Economists’ big error is: claiming that fact #2 is the main explanation for fact #1. This strong impression is given by most introductory econ textbooks, and accompanying lectures, which are the main channels by which economists influence the world.
As a result, when considering actual interventions in markets, the first instinct of economists and their students is to search for nearby plausible market failures which might explain interventions there. Upon finding a match, they then typically quit and declare this as the best explanation of the actual interventions.
The inadequacy and sloppiness of this process is easily discovered by digging just a bit further into such cases. Usually the evidence is weak for the particular market failure being a big issue there, and the actual interventions there and nearby are quite different from the ones recommended by econ theory. Furthermore, economists agree little on which failures best explain which interventions. Each seems to notice the inadequacy of other explanations, and so makes up their own new story on the spot.
It would be pretty easy to make this case clearly in a book length treatment. And in fact many books have made this case. There’s room for better written versions, but alas there seems to be very little demand for them. Most want to believe that our culture’s key interventions are sensible, and are reluctant to believe otherwise.
Yes, economists have a whole subfield of public choice that helps explain why interventions would be so often so far from sensible. But most economists who don’t study that field, and many who do, quickly default to assuming sensible interventions.
Some examples would drive your point home for those of us outside the field. Perhaps Professor Hanson has a book in the works?
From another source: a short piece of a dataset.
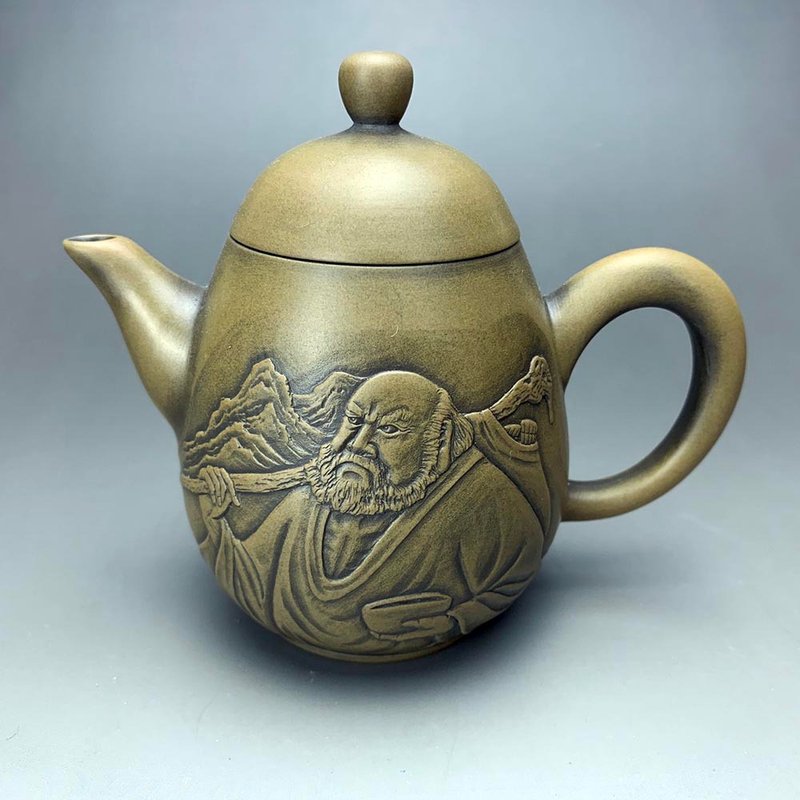 台湾【段泥窑变】雕刻达摩(达摩西来)窑变壶 - 茶具/茶杯 - 陶 卡其色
I would explain #1 as being caused primarily by a desire for the market to behave differently. Most interventions don't happen because something is WRONG, but because somebody wants something else. Like right now people are complaining about high grocery prices, not because high grocery prices are unwarranted, but because they do not like it.
If I go to the store and find the shelf where the Oreos are completely empty, it is clear to me as someone with a moderate understanding of economics that demand is exceeding supply and the price of Oreos can be expected to go up until Nabisco can reliably increase production. But the average shopper complains that the stupid grocery store didn't order enough Oreos. When the store does restock, and the price goes up, the same shoppers will piss and moan that greedy corporate jackholes are price-gouging them. Then someone will write an article about record profits and shortages when the cost of production has barely gone up at all, but literally nobody asks "have people been eating a lot more Oreos lately?"
And if you make new price-gouging laws to interfere in the market WITHOUT asking that, you're gonna fuck things up. It's not a market failure when prices are high. It's only a failure when prices are IRRATIONALLY high, and I don't think people are even entertaining the idea that maybe the current prices are perfectly rational.